YeGoblynQueenne|1 year ago
That stuff is still absolutely relevant, btw. Some DL people like to dismiss it as irrelevant but that's just because they lack the background to appreciate why it matters. Also: the arrogance of youth (hey I've already been a postdoc for a year, I'm ancient). Here's a recent paper on Neural Networks and the Chomsky Hierarchy that tests RNNs and Transformers on formal languages (I think it doesn't test on a^nb^n directly but tests similar a-b based CF languages):
https://arxiv.org/abs/2207.02098
And btw that's a good paper. Probably one of the most satisfying DL papers I've read in recent years. You know when you read a paper and you get this feeling of satiation, like "aaah, that hit the spot"? That's the kind of paper.
GistNoesis|1 year ago
A transformer (with relative invariant positional embedding) has full context so can see the whole sequence.

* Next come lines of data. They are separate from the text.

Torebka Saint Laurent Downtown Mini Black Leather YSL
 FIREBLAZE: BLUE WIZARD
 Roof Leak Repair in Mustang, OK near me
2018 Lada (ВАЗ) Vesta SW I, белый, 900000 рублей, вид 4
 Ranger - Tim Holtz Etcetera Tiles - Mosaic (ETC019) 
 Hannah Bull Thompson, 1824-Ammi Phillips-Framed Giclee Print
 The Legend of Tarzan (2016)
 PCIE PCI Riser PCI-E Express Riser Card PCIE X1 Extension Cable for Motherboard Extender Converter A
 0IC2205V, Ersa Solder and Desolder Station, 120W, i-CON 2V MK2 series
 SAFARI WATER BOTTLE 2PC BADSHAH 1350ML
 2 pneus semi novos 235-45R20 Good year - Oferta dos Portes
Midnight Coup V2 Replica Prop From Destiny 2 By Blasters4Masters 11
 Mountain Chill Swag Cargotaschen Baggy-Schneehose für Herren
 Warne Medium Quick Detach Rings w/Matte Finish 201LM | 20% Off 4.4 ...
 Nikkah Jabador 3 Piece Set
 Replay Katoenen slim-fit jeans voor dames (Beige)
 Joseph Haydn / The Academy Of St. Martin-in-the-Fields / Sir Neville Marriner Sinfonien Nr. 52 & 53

It just has to count and compare.
To convince yourself, construct the weights manually.
First layer :
zeros the character which are equal to the previous character.
Second layer :
Build a feature to detect and extract the position embedding of the first a. a second feature to detect and extract the position embedding of the last a, a third feature to detect and extract the position embedding of the first b, a fourth feature to detect and extract the position embedding of the last b,
Third layer :
on top that check whether (second feature - first feature) == (fourth feature - third feature).
The paper doesn't distinguish between what is the expressive capability of the model, and the finding the optimum of the model, aka the training procedure.
If you train by only showing example with varying n, there probably isn't inductive bias to make it converge naturally towards the optimal solution you can construct by hand. But you can probably train multiple formal languages simultaneously, to make the counting feature emerge from the data.
You can't deduce much from negative results in research beside it requiring more work.